[Grok-dev] Re: Implementing an N-to-N relationship

Luciano Ramalho ramalho at gmail.com
Thu Jun 7 15:01:13 EDT 2007


On 5/28/07, Martijn Faassen <faassen at startifact.com> wrote:
> Finally, there is RDF. It makes sense if you took a look at how RDF
> models relationships. Not because we want RDF support any time soon, but
> to check whether we aren't leaving out something important.
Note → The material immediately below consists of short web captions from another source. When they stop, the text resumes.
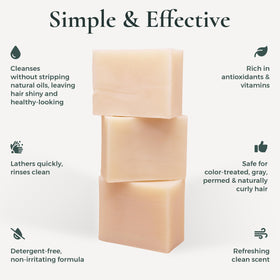 J·R·LIGGETT'S close-up texture of soap surface showing plant-based oils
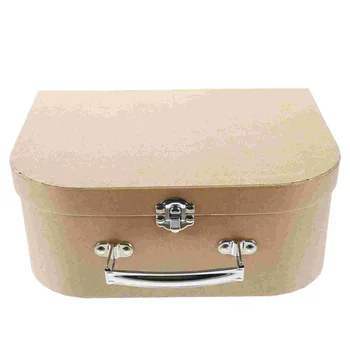 Бумажная подарочная упаковочная коробка Многофункциональный чемодан для хранения ювелирных изделий Подарочная упаковка для ювелирных изделий Картонная коробка Коробки для упаковки свадебных подарков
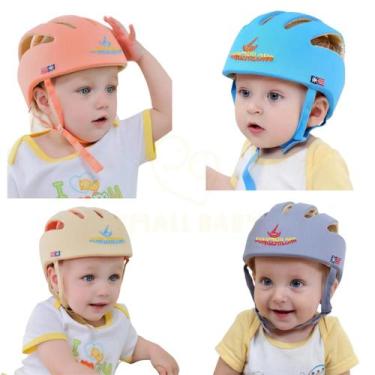 Imagem de Capacete Proteção Cabeça Bebê Segurança Engatinhar Infantil - SMALL BA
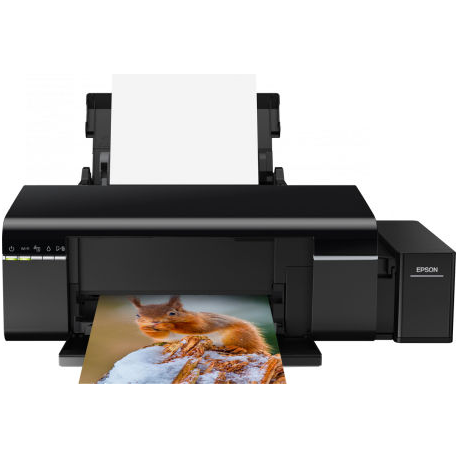 Epson L805 Inkjet Photo printer / 6 Ink Cartridges / 37ppm mono/ 38ppm color / USB / Wifi / Paper tray 120 Sheets / Prints on CD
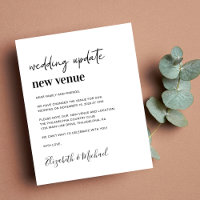 Budget New Wedding Venue Announcement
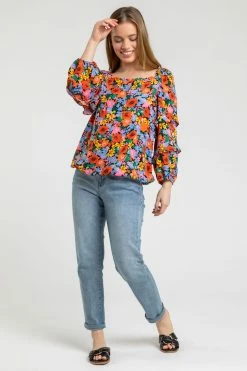 Roman Orange Petite Ditsy Floral Square Neck Top 9 Roman Orange Petite Ditsy Floral Square Neck Top -Roman Sales Shop unnamed file 6571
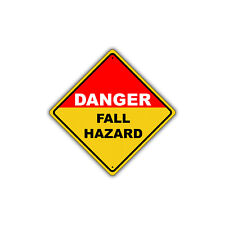 Danger Fall Hazard Unsafe Roof OSHA Novelty Notice Aluminum Metal Sign 12x12 picture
I just read a few chapters from Practical RDF, by Shelley Powers [1]
and found a mismatch between what we need in Kirbi to map books to
creators and the RDF unit, the triplet.

[1] http://www.google.com.br/books?id=88yzElvD9sgC

Perhaps I need to be enlightened by somebody who groks RDF better than
me, but here is the issue:

The RDF triplet consists of a subject, a predicate and an object.
Superficially, there is a perfect match to what we need to model in
Kirbi: the subject is a book, the predicate is a role, and the object
is a creator. In RDF the subject can be an URI or a blank node, the
predicate must be a URI, and the object can be an URI, a literal or a
blank node. This means that the vocabulary for the predicate is
enforced (it must be an uriref), but the object maybe anything
(literals are accepted).

However, in practical terms for book metadata, it is crucial that we
have the subject (book) and the object (creator), but the predicate
(role) is not as important. For the end-user looking for "The
Annotated Alice" [2] what matters is the name of Martin Gardner, and
the fact that he has a specific role in that work (as editor) is not
so relevant. In fact, many book metadata sources on the web do not
list the role of the creators, and for Kirbi, having the book-creator
relationship data without a predicate is much better than nothing. The
same applies for movies. People looking for "Clint Eastwood movies"
often do not care whether he is an actor, director or both in a
particular film. Looking for films directed by Clint Eastwood is a
more advanced search.

[2] http://www2.wwnorton.com/catalog/fall99/alice.htm

In conclusion, for a Book-Creator or Movie-Creator relationship to be
useful, the Book/Movie and the Creator must refer to existing
entities, but the Role that links the two maybe anything, even blank.
To represent this in RDF we would need to use some default value for
the Role predicate when it is unknown, and create a vocabulary of Role
values, which is an unnecessary complication in my opinion. So RDF
does not map perfectly to our needs.

But I've already noticed that reading about it was useful to make more
sense of the jargon used in the zc.relationship documentation.